2) Technical effects:
- Very favourable base effects. The start of 2016 was marked by very low profitability in certain sectors. For example, the sharp fall in oil prices at the end of 2015 severely penalised oil groups. Since this date, the rebound in the barrel price has pointed to a strong recovery in earnings growth in 2017. The markets expect a 40% rise in earnings in the energy sector. Likewise, the banking sector is benefiting from this growth thanks to very positive base effects (2016 was a challenging year for banks).
Encouraging first quarter 2017 results
The reporting season for the first quarter of 2017 is underway. Indeed, it is a very busy time at the moment with respectively 41% and 33% of the results scheduled for release during the week of 24 April in the US and Europe1. At this stage, there have been more releases in the US than in Europe. So, we can already draw some conclusions about the US results.
Overall, the figures are pretty reassuring:
- Earnings per share (EPS) growth in 1H17 was 12% y/y;
- US banks continued to consolidate the improvement in profitability thanks to the effects of the reflation trade (Fed rate hikes, increase in loan applications);
- Despite a firmer dollar, global cyclical stocks (particularly technology and materials) benefited from a more favourable world economic environment;
- The only fly in the ointment is the transport sector (airline companies) which was stung by higher oil prices; so far, the EPS published of US companies have come in above expectations (5% above consensus). Consequently, analysts are revising up their forecasts, particularly for very cyclical sectors. Companies share this optimism and, in turn, are revising up their guidance.

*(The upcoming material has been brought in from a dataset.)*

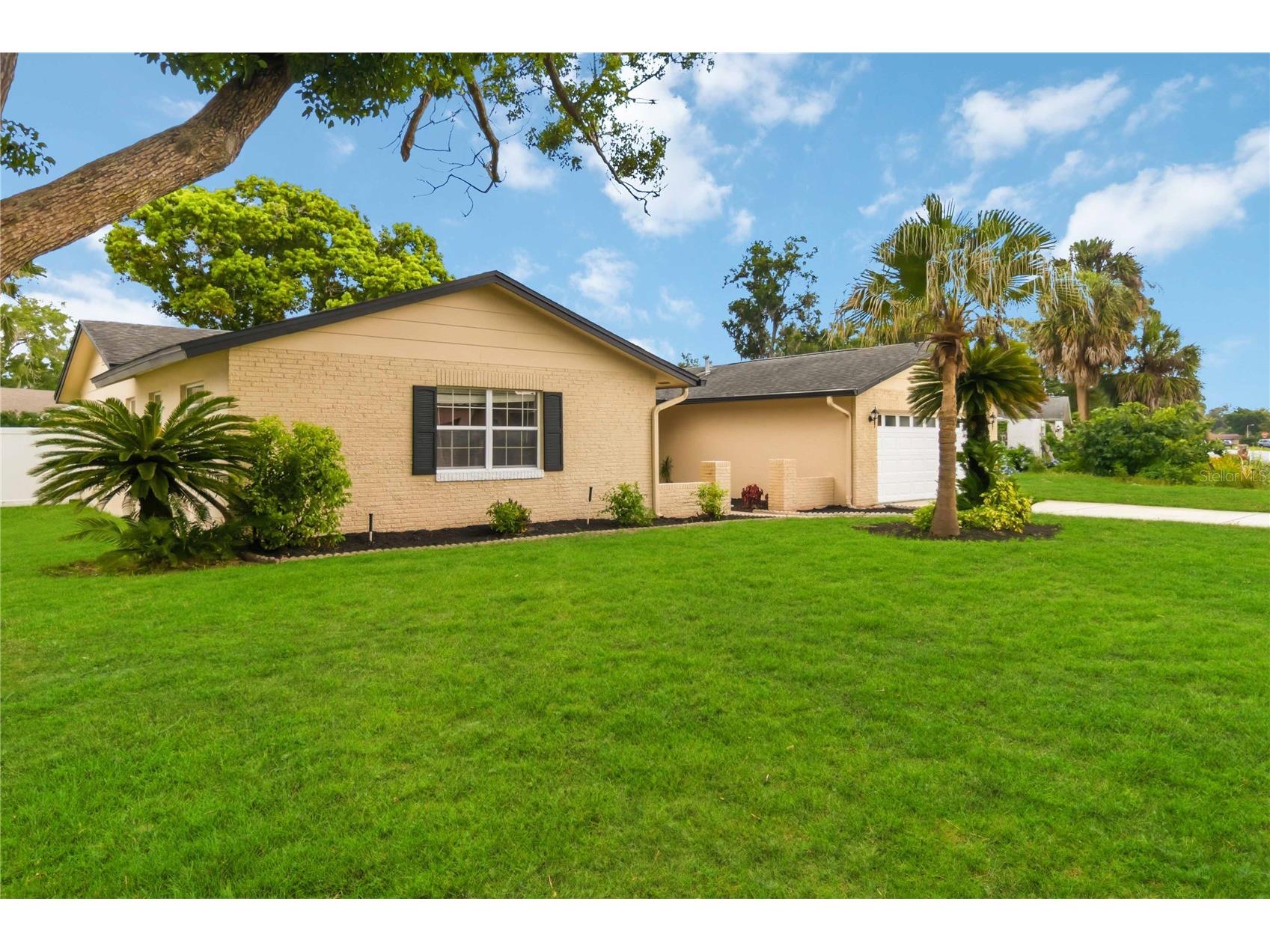 102 Eastern Fork Longwood FL 32750 O6412608 image5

Although it is too early to draw conclusions, this trend augurs well for good results in Europe. For the second consecutive quarter, and after a long recession, European companies’ should finally grow their revenues, thanks to the healthier economic climate. EPS figures are also expected to the upside year-on-year (+7%), driven by energy (+40%). However, utilities are likely to continue to suffer from their dismal profitability (-44%).
The game is not yet over, and stock markets may still react unexpectedly. However, if political risks diminish, investors might turn their attention to the quality of European company earnings. In particular they should analyse the evolution of profit margins and the capacity of companies to capture the expected uplift in revenues thanks to better economic conditions. In Europe, cyclical and bank stocks appear to be in the best position to do this.
1) In Europe, the publications calendar for the Stoxx 600 index is as follows: 33% of companies in this index will publish their results during the week of 24 April, 26% on 1 May, 20% on 6 May and 5% on 15 May. In the US, 41% of S&P500 companies will publish their results during the week of 24 April, 23% during the week of 1 May and 5% on 6 May.